[[ RECORD EXTRACTS, beginning ]]

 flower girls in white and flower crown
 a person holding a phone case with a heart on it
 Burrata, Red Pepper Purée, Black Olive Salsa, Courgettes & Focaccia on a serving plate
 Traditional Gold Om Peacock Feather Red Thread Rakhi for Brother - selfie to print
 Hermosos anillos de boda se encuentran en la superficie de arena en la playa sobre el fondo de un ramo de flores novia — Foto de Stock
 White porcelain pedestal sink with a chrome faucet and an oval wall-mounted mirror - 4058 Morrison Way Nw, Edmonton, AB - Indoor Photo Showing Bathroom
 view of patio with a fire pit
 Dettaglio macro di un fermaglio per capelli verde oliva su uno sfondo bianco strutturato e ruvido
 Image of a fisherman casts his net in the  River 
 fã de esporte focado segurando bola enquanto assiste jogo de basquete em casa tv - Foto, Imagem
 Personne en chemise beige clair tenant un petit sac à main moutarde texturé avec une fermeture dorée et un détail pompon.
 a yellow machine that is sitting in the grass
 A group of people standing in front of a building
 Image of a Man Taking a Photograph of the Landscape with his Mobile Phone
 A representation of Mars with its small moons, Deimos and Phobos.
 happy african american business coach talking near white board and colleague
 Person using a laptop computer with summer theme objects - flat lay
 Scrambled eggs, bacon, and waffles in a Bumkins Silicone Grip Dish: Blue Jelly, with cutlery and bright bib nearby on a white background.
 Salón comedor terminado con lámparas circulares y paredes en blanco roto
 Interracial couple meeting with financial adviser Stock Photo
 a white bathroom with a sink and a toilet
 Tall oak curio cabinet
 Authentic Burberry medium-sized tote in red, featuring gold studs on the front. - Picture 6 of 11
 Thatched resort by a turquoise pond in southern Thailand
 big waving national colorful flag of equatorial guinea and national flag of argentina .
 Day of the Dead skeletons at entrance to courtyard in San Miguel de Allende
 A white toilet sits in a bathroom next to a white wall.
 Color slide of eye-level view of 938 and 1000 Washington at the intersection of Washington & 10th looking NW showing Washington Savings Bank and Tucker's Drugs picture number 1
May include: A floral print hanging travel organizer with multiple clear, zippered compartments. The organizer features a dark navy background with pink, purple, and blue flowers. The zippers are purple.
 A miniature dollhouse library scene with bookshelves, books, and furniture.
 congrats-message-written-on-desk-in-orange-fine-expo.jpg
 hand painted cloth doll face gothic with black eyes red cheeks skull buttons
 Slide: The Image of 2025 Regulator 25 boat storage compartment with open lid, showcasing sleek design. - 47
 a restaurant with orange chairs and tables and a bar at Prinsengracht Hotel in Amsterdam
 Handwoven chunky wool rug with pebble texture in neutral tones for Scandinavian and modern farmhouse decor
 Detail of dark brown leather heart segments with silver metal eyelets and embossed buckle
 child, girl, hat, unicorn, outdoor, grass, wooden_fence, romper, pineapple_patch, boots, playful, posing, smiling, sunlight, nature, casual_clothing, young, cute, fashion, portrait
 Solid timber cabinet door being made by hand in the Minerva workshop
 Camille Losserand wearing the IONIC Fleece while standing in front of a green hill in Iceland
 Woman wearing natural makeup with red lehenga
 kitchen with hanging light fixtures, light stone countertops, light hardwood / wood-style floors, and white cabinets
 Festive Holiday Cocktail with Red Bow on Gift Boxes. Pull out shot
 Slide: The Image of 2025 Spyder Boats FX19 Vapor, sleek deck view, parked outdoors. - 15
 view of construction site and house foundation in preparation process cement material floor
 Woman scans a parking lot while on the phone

[[ RECORD EXTRACTS, end ]]

_TASK OBJECTIVE:_ Copy the entries above exactly, but only from the line holding "A white toilet" through the line holding "hand painted cloth", both included.

_RESPONSE AREA:_
 A white toilet sits in a bathroom next to a white wall.
 Color slide of eye-level view of 938 and 1000 Washington at the intersection of Washington & 10th looking NW showing Washington Savings Bank and Tucker's Drugs picture number 1
May include: A floral print hanging travel organizer with multiple clear, zippered compartments. The organizer features a dark navy background with pink, purple, and blue flowers. The zippers are purple.
 A miniature dollhouse library scene with bookshelves, books, and furniture.
 congrats-message-written-on-desk-in-orange-fine-expo.jpg
 hand painted cloth doll face gothic with black eyes red cheeks skull buttons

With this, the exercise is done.